[nycbug-talk] meeting update. . .

Bob Ippolito bob
Fri Oct 8 17:31:05 EDT 2004

On Oct 8, 2004, at 4:53 PM, Rick Aliwalas wrote:

> On Fri, 8 Oct 2004 matador-gtabug at matadorsplace.com wrote:
>> Someone ask Mr. Allman why sendmail.cf is so long/crazy ?
> As opposed to what, windows registry?  ;)
> You're not supposed to edit the cf file anyway - just the mc file.
> Don't believe the hype.  If I can manage to get sendmail working, it
> can't be all that bad...

There isn't really anything fundamentally wrong with the idea of a 
registry.. The fact that it's implemented as a single file database on 
Windows is kind of a pain, but actually working with key/value pairs in 
a standard way across ALL applications on the entire system isn't bad!  
If regedit displayed the information in a more useful way it would 
probably be much more acceptable.  It's certainly not hard at all to 
manipulate the registry with scripts written in a language like Python 
or Perl (both of which work quite well on Windows).

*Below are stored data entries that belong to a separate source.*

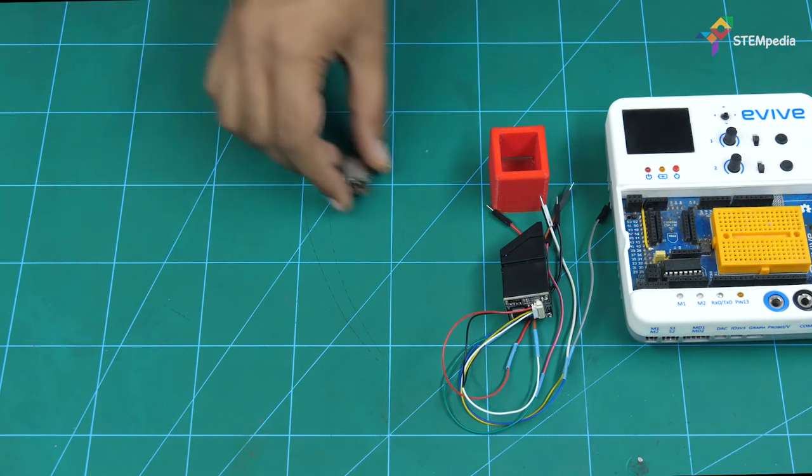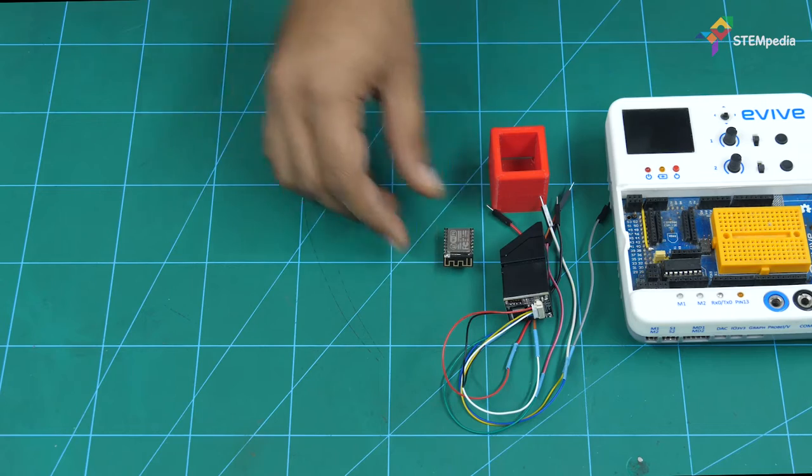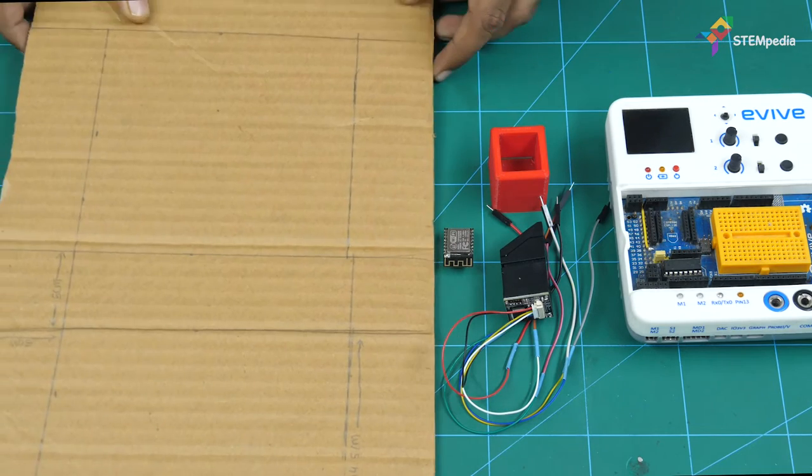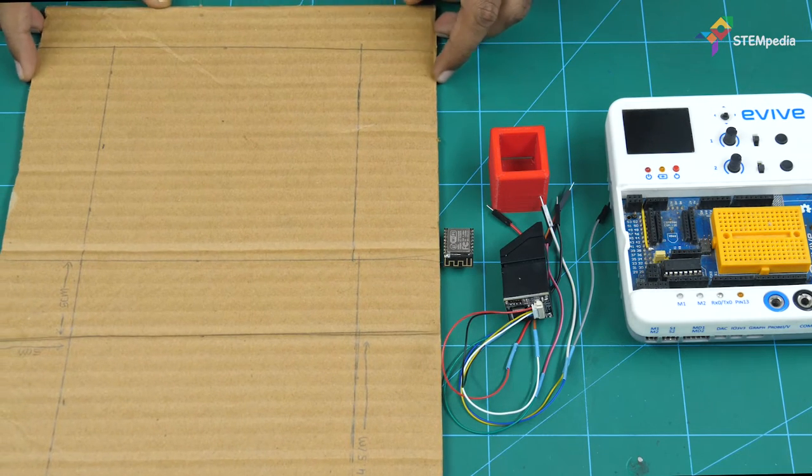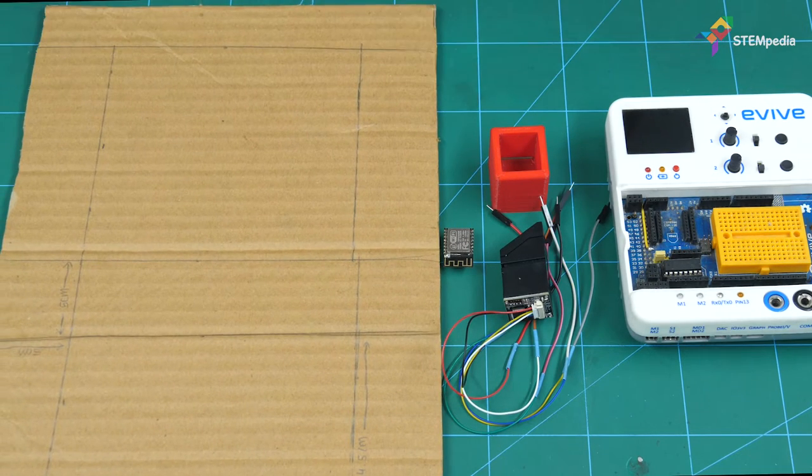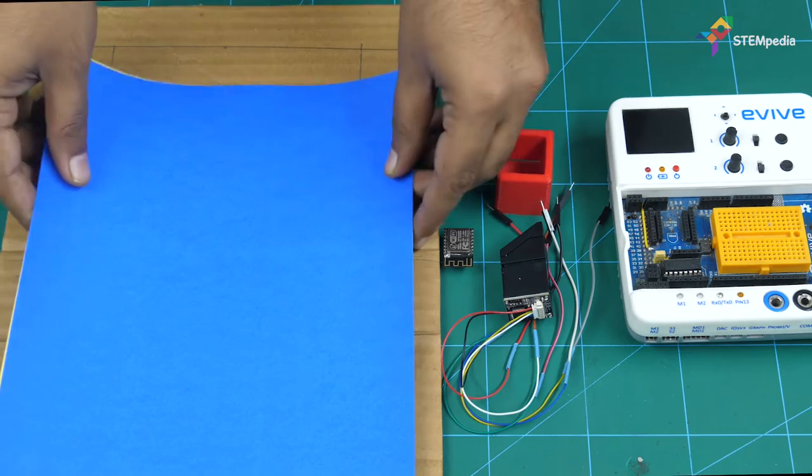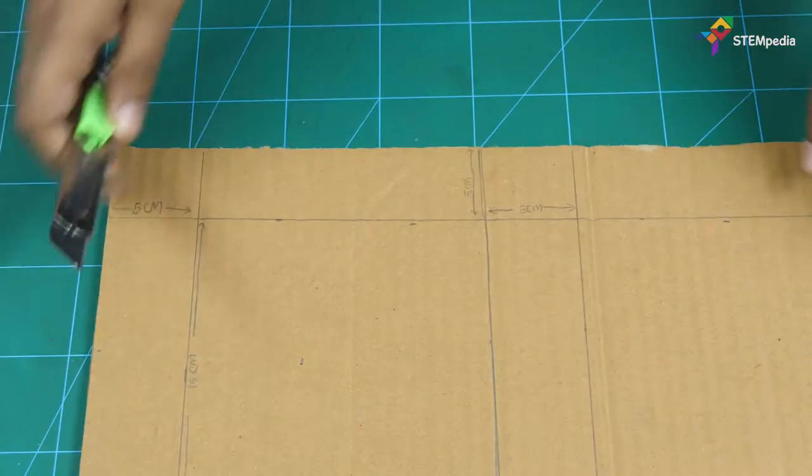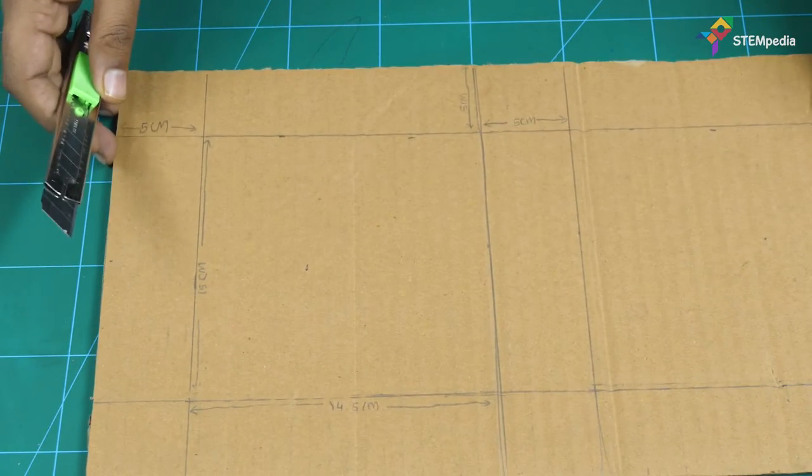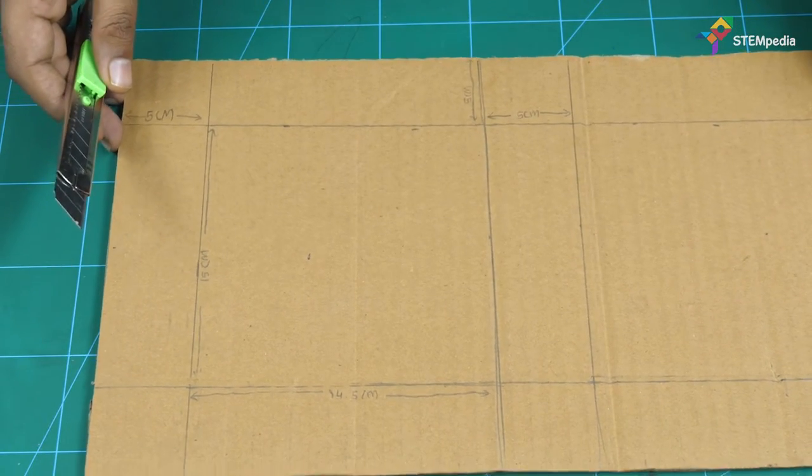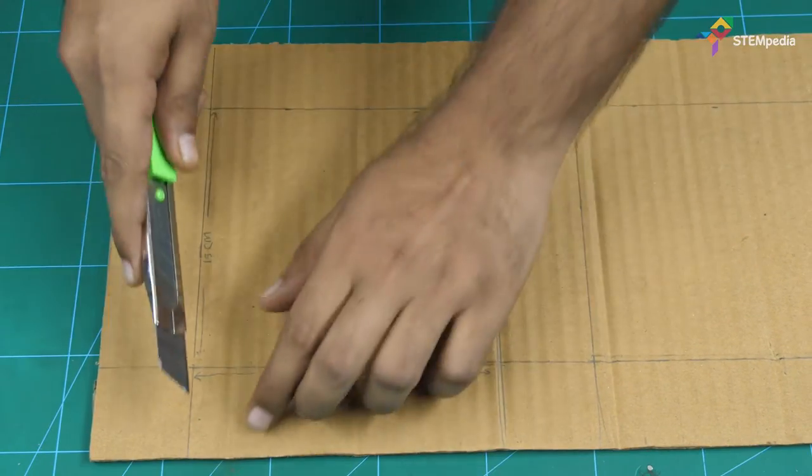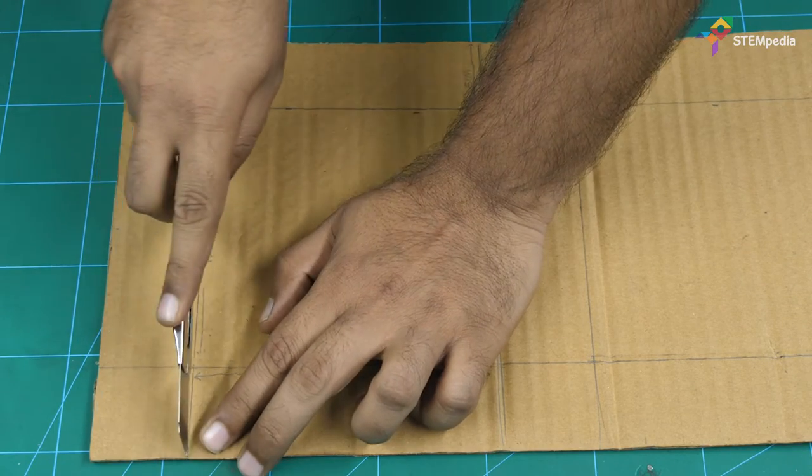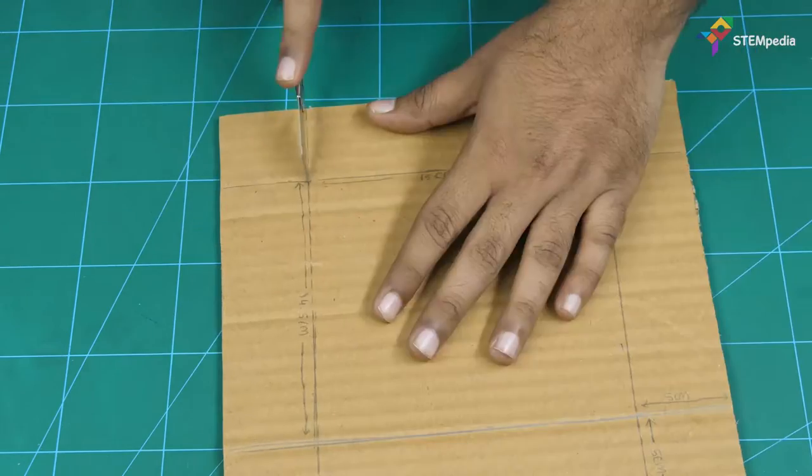Let's start by making the box to hold Evive. Take the cardboard and score it according to the required dimensions.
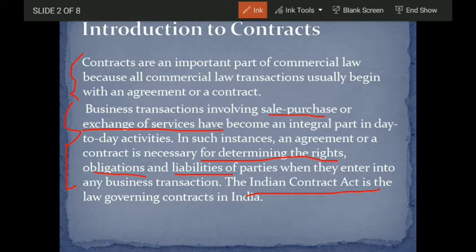The Indian Contract Act will be referenced throughout this chapter at many places, so keep it in mind.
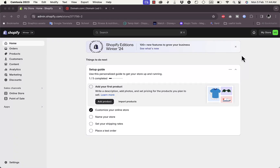Welcome to the channel. In this video I'm going to show you how to connect your domain.com domain name to your Shopify store, so that when visitors enter this domain name they'll be redirected to your Shopify store.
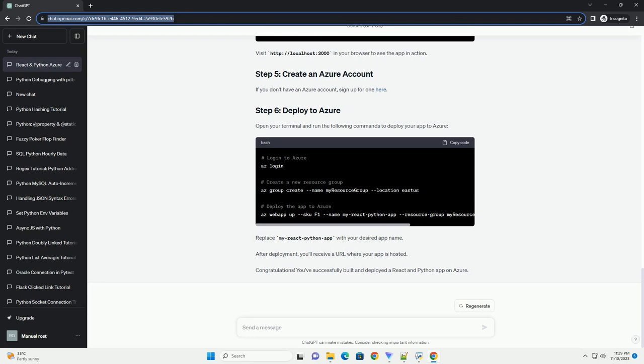If you don't have an Azure account, sign up for one here. Once the deployment is complete, you can access your app at the provided Azure web app URL.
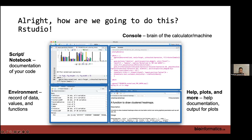The environment panel is your bird's eye view of what R has in its memory right now and what it's working on.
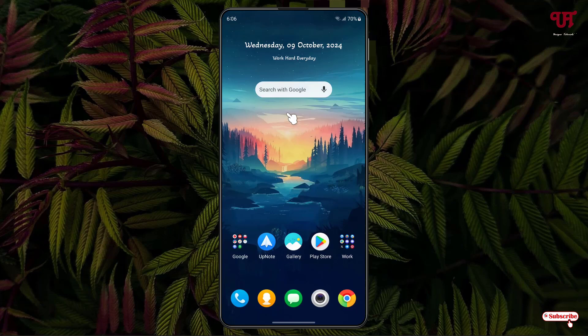Right now you can see I have one widget on my home screen. This widget is not a pop-up widget, so in order to convert it into a pop-up widget, here's what you need to do.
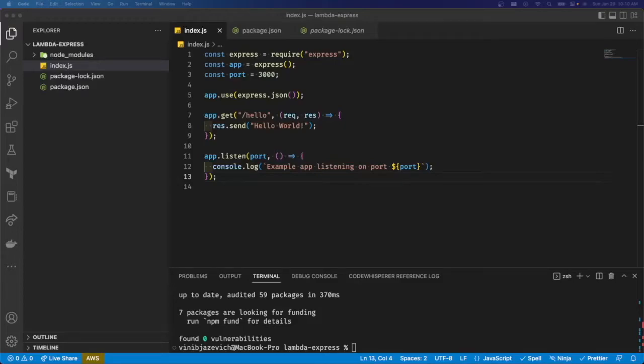Hey everybody, welcome to Code with Vinny. Today I'm going to be showing you how to deploy an Express Server on AWS Lambda.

Mac OS X implements three vaguely similar systems, the 
SystemConfiguration database (designed for monitoring purposes.. stuff 
like the current network settings, battery level, and the airport 
signal strength go here), the NetInfo database (designed for more 
static local and domain configurations, basically like /etc), and the 
Preferences system (scattered amongst plist files in a few known 
locations: ~/Library/Preferences, /Library/Preferences, 
/Network/Library/Preferences, and /System/Library/Preferences, for 
configuring individual applications).  The advantages of the Mac OS X 
system is that it's easy to migrate or remove the settings that matter 
to users (because they are just plist files, and applications always 
know how to recreate them if they don't exist), the highly volatile 
data (SystemConfiguration) is designed for performance and can be 
monitored asynchronously, and the NetInfo database is designed like 
LDAP for the same uses as LDAP (it currently integrates with LDAP and 
might be replaced by LDAP in the future...).  Additionally, Mac OS X 
property lists support more data types (strings, numbers/booleans, 
dates, arrays, arbitrary data, and dictionaries) in a more consistent 
way than the Windows registry.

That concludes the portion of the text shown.